The expectations of recent college graduates factor into the equation as well, said Jennifer Floren, president and chief executive of Experience.com, an online job resource for college graduates and young professionals.
Experience.com’s studies show that only 30 percent of college students think their first job will be the right one and only 10 percent believe they will stay more than five years.
Floren said there’s good and bad news to all this job-changing.The good:
“It’s good for the job candidate because there’s a lot of room to be introspective and to be demanding in the type of position that’s going to make them happy. It encourages you to look at your career as something you enjoy doing and to seek out situations that make you feel happy.”The bad:
“With people moving so much, it breaks down the sense of community, especially between employees and employers. When you have lots of turnover, it’s hard to feel a connection to community, to be a part of a greater whole.”
Not to mention what it costs to replace someone. Depending on the level of employee, it can cost between $50,000 and $100,000 to find a replacement, according to Challenger, Gray and Christmas, a Chicago outplacement company.

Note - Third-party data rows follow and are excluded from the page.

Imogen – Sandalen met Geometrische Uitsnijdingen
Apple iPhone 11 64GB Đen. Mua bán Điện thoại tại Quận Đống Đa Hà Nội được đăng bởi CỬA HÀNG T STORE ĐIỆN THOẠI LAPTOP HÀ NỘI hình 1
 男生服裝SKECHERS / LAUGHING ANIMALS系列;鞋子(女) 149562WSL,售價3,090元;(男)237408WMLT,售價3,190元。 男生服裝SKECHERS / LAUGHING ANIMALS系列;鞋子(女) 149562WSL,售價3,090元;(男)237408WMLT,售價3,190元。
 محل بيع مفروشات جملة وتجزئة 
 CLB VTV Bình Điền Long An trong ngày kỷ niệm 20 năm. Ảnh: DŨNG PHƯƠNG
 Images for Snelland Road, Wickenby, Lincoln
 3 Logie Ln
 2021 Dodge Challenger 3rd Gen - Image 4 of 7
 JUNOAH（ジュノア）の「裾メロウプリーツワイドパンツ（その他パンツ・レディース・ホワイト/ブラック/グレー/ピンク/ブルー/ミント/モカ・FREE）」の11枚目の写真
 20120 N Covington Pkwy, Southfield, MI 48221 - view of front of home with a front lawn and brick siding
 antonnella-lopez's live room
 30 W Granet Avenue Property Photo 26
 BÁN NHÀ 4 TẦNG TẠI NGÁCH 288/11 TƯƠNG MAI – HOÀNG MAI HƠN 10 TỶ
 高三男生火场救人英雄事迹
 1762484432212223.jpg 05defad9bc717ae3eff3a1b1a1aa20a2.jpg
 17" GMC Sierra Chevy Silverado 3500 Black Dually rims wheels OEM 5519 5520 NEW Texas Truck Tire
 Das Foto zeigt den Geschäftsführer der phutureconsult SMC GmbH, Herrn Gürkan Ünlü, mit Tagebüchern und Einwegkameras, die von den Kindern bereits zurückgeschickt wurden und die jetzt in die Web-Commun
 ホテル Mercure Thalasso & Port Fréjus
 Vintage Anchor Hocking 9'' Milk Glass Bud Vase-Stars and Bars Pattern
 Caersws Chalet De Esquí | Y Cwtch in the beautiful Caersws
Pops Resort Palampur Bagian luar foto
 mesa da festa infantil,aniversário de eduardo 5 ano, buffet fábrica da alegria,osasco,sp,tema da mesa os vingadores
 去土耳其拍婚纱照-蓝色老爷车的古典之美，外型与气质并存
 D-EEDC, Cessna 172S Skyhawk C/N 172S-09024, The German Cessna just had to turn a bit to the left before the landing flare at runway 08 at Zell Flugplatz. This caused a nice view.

Employers, however, are always looking for people who have a true interest in learning, developing, and moving upward, said Kristin Bowl, a spokeswoman for the Society for Human Resource Management.
The key is finding that kind of job-hopper.
At ePresence, a Westborough, Mass., business that specializes in Web-based solutions to help companies connect with customers and clients, hiring managers try to analyze the motivations of job candidates whose resumes are littered with one job change after another.
“Some people look to go from a large organization to a small one, maybe hoping to have more impact,” said Tony Bellantuoni, the company’s senior vice president of human resources. “Maybe they’re escaping a bad situation. Maybe they’re just looking for a home. We try to assess all these things.”
Sometimes, Bellantuoni said, employees leave their jobs when they fear their company is doing poorly, and they might not get another paycheck.
But this talk about job-hoppers should have an asterisk attached.
All things being equal, many employers would still rather hire a job candidate who has a stable job history, according to the human resource society’s Bowl. Bellantuoni of ePresence concurred.
Just ask Clayton, who has spent the past six months working as an information technology manager at KPMG’s accounting and consulting office in Boston. He said he would rather hire employees who haven’t done a lot of job-jumping.
“It’s purely a less-work thing,” he said. “It takes a lot of time and effort to find people today.”
Brian Hoffman is a managing partner at recruiter Winter, Wyman. He predicts that personnel officers will become more conservative when it comes to job-hoppers once the economy slows down.
“I think hiring managers will look for a more judicious pattern of behavior,” Hoffman said. “The scrutiny will probably come back.”
Of course, that’s just a prediction. But it comes from a veteran who takes the long view. Hoffman has been at his job for 21 years.